Les vaccins antivarioliques
Les vaccins de première génération
Ce sont les vaccins traditionnels historiques constitués de virus vivants réplicatifs. Ces vaccins contiennent des virus de la vaccine entretenus sur les animaux ou l’œuf. Ils peuvent être à l’origine de complications post-vaccinales et ne correspondent plus aux normes des bonnes pratiques de fabrication, ils n’ont donc plus d’AMM. Mais des réserves importantes ont été constitués et ils pourront être utilisés en cas de besoin important.
Les vaccins de deuxième génération
Ce sont les mêmes souches virales qui sont utilisées mais elles sont produites sur des cultures cellulaires.
Deux types de vaccin ont été développés : un vaccin monoclonal après sélection d’un clone viral atténué et un vaccin polyclonal respectant la diversité antigénique du virus initial.
Le seul vaccin de deuxième génération homologué est le vaccin monoclonal ACAM2000 actuellement fabriqué par Sanofi Pasteur Biologics et constitué d’un clone viral cultivé sur cellules Véro. Actuellement homologué aux États-Unis en Australie et à Singapour et a été administré à plus de 1 million de personnes. Il présente peu de complications post-vaccinales.
Les vaccins de troisième génération
Ces vaccins sont aussi des virus vivants de la vaccine produits en culture cellulaire. Ayant perdu plusieurs gènes ils sont atténués et ne sont plus capables de se répliquer dans des lignées cellulaires humaines. C’est le cas du vaccin Imvanex/Imvamune fabriqué par Bavarian Nordic. Ce vaccin est homologué en Europe et au Canada. Administré à plus de 7 600 personnes il n’a pas donné de complications postvaccinales.
Ces 2 types de vaccin ont montré un pouvoir protecteur chez les animaux.

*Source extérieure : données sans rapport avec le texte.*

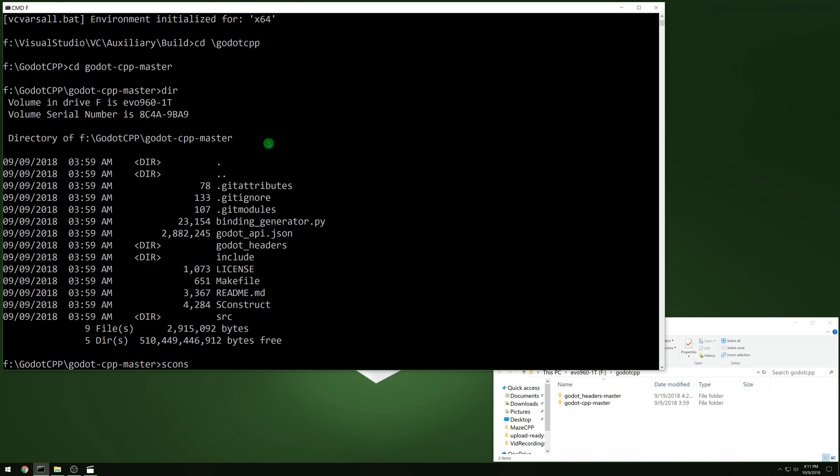And we will run scons with the platform of windows. Headers directory, we want to point to the headers that we downloaded. So back a directory and then Godot underscore headers dash master.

Les vaccins de première génération induisent une protection de 80% qui s’élève à 95% chez les personnes plusieurs fois revaccinées. Après une exposition, une vaccination est capable de protéger quand elle est administrée dans les 3 à 4 jours qui suivent l’exposition. En France, la suspension de la primovaccination est intervenue en 1978 et les rappels en 1984. On considérait en 2004 que plus de la moitié de la population n’avait jamais été vaccinée (don bien plus en 2017) et que l’autre moitié présentait une protection déjà ancienne. La vulnérabilité immunitaire des populations vis-à-vis d’une réintroduction de la maladie est donc préoccupante.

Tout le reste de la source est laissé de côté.